◆ **RAW DATA**:
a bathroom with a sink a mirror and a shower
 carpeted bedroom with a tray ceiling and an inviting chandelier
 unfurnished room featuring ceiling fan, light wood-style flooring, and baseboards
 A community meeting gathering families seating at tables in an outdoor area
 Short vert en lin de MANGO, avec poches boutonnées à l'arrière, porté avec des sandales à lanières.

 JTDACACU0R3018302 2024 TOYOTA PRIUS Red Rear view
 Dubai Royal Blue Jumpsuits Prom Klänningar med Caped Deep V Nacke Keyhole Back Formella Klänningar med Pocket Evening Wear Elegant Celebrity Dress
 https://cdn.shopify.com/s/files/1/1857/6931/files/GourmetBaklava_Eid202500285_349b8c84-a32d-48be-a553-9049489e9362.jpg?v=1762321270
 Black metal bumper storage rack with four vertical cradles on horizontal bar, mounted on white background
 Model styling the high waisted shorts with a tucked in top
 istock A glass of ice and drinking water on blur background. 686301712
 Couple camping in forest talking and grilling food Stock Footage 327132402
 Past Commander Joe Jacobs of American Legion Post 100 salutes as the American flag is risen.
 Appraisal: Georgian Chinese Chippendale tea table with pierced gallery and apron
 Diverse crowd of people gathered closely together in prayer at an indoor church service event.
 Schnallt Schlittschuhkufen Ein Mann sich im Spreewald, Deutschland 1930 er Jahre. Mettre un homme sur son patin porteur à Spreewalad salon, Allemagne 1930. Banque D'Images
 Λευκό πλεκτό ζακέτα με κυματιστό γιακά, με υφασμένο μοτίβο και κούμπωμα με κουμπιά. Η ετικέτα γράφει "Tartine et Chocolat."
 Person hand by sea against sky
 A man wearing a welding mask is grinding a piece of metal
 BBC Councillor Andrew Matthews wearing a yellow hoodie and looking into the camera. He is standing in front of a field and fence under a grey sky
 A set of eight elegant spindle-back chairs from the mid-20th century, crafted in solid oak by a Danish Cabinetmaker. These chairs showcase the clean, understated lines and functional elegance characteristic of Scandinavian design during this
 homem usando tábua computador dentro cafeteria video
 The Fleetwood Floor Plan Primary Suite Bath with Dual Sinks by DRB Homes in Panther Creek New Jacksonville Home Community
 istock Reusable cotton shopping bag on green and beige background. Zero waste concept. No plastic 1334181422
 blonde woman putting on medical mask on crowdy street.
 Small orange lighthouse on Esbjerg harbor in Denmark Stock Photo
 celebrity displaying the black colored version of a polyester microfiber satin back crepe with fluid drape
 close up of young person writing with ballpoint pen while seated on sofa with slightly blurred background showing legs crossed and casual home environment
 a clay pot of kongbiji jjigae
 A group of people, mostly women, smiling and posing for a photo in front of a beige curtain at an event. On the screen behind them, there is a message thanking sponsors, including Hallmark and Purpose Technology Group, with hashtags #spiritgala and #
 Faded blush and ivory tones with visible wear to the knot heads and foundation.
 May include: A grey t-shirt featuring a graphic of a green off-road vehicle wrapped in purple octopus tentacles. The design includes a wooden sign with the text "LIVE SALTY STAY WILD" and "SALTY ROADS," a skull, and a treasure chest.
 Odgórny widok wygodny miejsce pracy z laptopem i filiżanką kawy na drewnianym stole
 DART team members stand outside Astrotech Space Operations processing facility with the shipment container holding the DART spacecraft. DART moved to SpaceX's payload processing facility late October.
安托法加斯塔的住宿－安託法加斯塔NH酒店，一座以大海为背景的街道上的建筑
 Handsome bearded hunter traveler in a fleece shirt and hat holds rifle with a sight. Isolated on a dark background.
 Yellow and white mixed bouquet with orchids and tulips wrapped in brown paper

◆ **YOUR ASSIGNMENT**:
What lines in the material above hold the string "wrapped"? List them.

◆ **YOUR SOLUTION**:
 May include: A grey t-shirt featuring a graphic of a green off-road vehicle wrapped in purple octopus tentacles. The design includes a wooden sign with the text "LIVE SALTY STAY WILD" and "SALTY ROADS," a skull, and a treasure chest.
 Yellow and white mixed bouquet with orchids and tulips wrapped in brown paper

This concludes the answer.